Additionally, since benchmarking implies collaboration with other enterprises, it fosters the dissemination of knowledge in and out of the company. As a result of learning from others, the company can increase innovativeness and enhance its competitive advantages (Jetmarová 7). Additionally, by disseminating information across the company through shared visions, mental models, systems thinking, and employee education, Bob Gold & Associates, may sustain its learning capabilities.
Lastly, since the described four-phase benchmarking model is meant to integrate the exploratory processes with the translation of best practices into day-to-day operations, and the creation of new behaviors, it can also help the PBO to improve a value-creating capacity. Moreover, the exploration of external and internal environments and the identification of strengths and weaknesses allows developing plans for the prevention of competitive crises and the improvement of strategic orientations as well as resource management.
Conclusion
KM has a purpose of developing intangible assets within the organization and enhancing employee skills and competencies. Nevertheless, its implementation is often hindered by multiple obstacles to capturing the right knowledge areas, information gathering, and its spread across the company, and consequent translation into practice. It is valid to say that these difficulties are even more obvious in PBOs due to the nature of their work and the need to establish inter-team knowledge sharing, as well as storage of information after a project ends.
Such an analysis tool as benchmarking can assist the company in improving its KM system. This instrument allows transforming closed cultures in the open ones, where different employees start to share information freely among each other. It is the desired outcome for the PBO where each project is normally associated with its own culture and clearly defined informational and relational boundaries. In the PBO, benchmarking may be used to compare distinct projects and practices involved in them and, in this way, to increase the transfer of skills and competencies from one project to another. The main benefits that the company may gain through this approach are the fostering of continual learning and the creation of a favorable “best practice” culture, leading to greater innovativeness and increased competitiveness.
Works Cited
Loufrani-Fedida, Sabrina, et al. “Knowledge Management in Project-Based Organizations – An Investigation into Mechanisms.” The Journal of Modern Project Management, January-April, 2014, pp. 6-17.

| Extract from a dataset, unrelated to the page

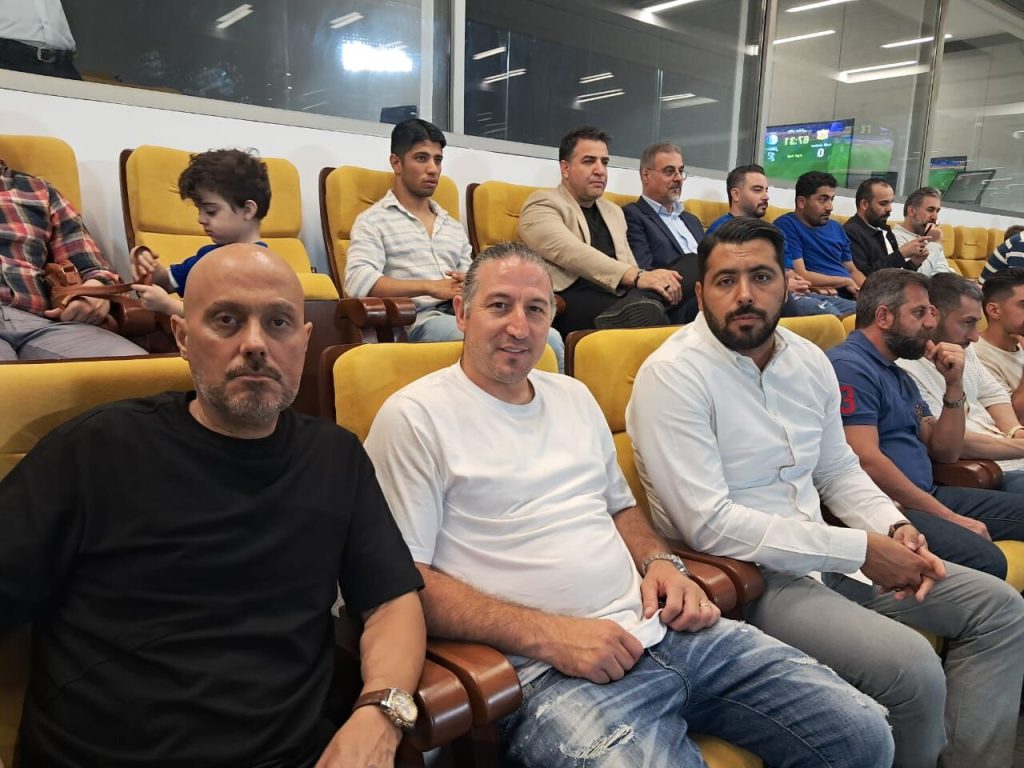 حجازی: جذب ستاره‌های چینی؛ کلید قهرمانی استقلال!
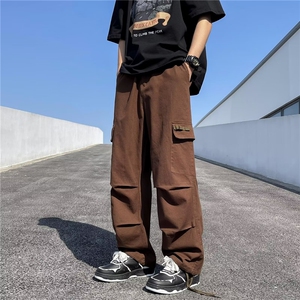 男春夏新款青少年时尚休闲裤RK53P38图片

Jetmarová, Barbora. “The Value Position of the Role of Knowledge Management and Its Benefits for Benchmarking Application.” Journal of Organizational Knowledge Management, vol. 2012, 2012, pp. 1-9.
Omotayo, Funmilola Olubunmi. Knowledge Management as an Important Tool in Organisational Management: A Review of Literature. 2015, Web.
Jetmarová, Barbora. “Comparison of Best Practice Benchmarking Models.” Problems of Management in the 21st Century, vol. 2, 2011, pp. 76-84.